Le résultat est brillant (franchement, on ne s’ennuie pas une seconde et Tarantino reste un virtuose de la caméra) mais m’a néanmoins paru d’une abyssale vacuité. De plus, j’ai retrouvé dans ce dernier opus ce qui m’agaçait un peu dans ses deux premiers films : une manière de jouer au petit malin et d’afficher sa cinéphilie déviante comme quelque chose de très « tendance » (un peu à la manière des bobos prisant les 33 tours !). Vous remarquerez que les personnages ne parlent que de ça : comment être « cool », comment se donner des frissons pour « déconner », sans parler du « look » de ses potiches vulgaires censées incarner l’essence de la féminité d’aujourd’hui.

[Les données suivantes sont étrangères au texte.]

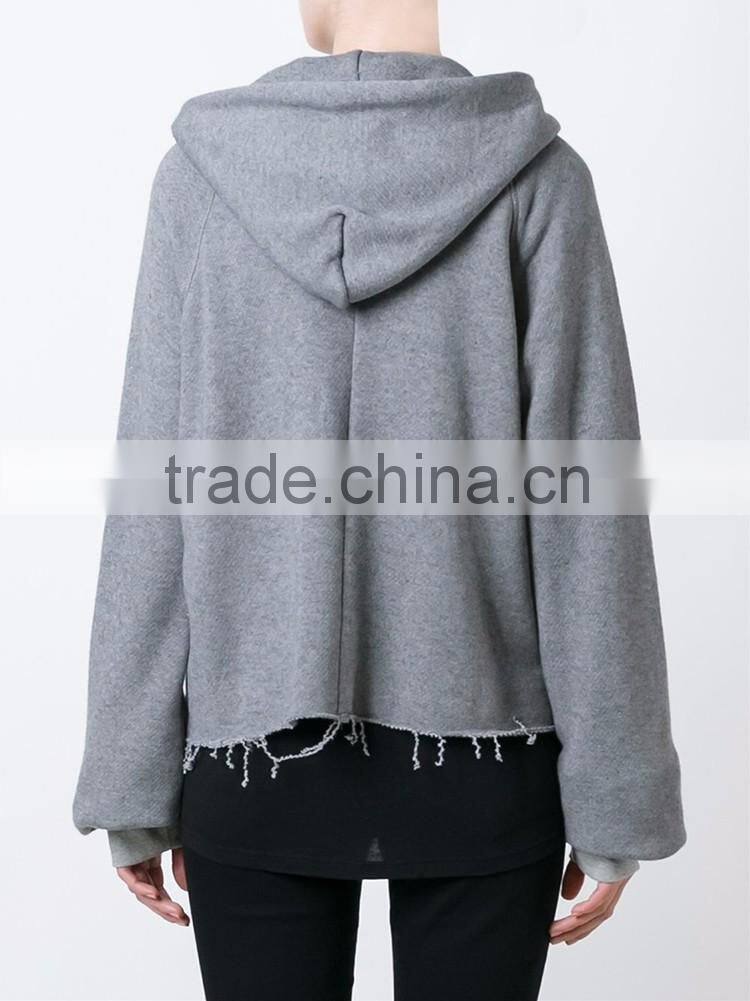 Fashion custom wear the side hem grey women hoodie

Ceux qui parlent de grand film « féministe » me font marrer. D’une part parce que Tarantino filme des personnages féminins bêtes à manger du foin, d’autre part parce que je conseille à ceux qui pensent ainsi de revoir le Faster pussy cat, kill !kill ! de Russ Meyer (cinéaste cité au générique de fin du film. Les deux meilleurs moments du film sont d’ailleurs les génériques !) pour constater que Tarantino n’a rien inventé et qu’il se contente de puiser largement dans ledit film (et dans ceux de Robert Lee Frost, entre autres).

Bon, je le répète : je surjoue ici la sévérité parce qu’il me semble que l’accueil réservé à ce film me semble un peu disproportionné. A côté de cela, c’est un pur exercice de style, très virtuose, qui se regarde avec un vrai plaisir. Entre Gomez et Tavarès 2 et Shrek 3, y a pas à tortiller : c’est Tarantino qu’il faut préférer.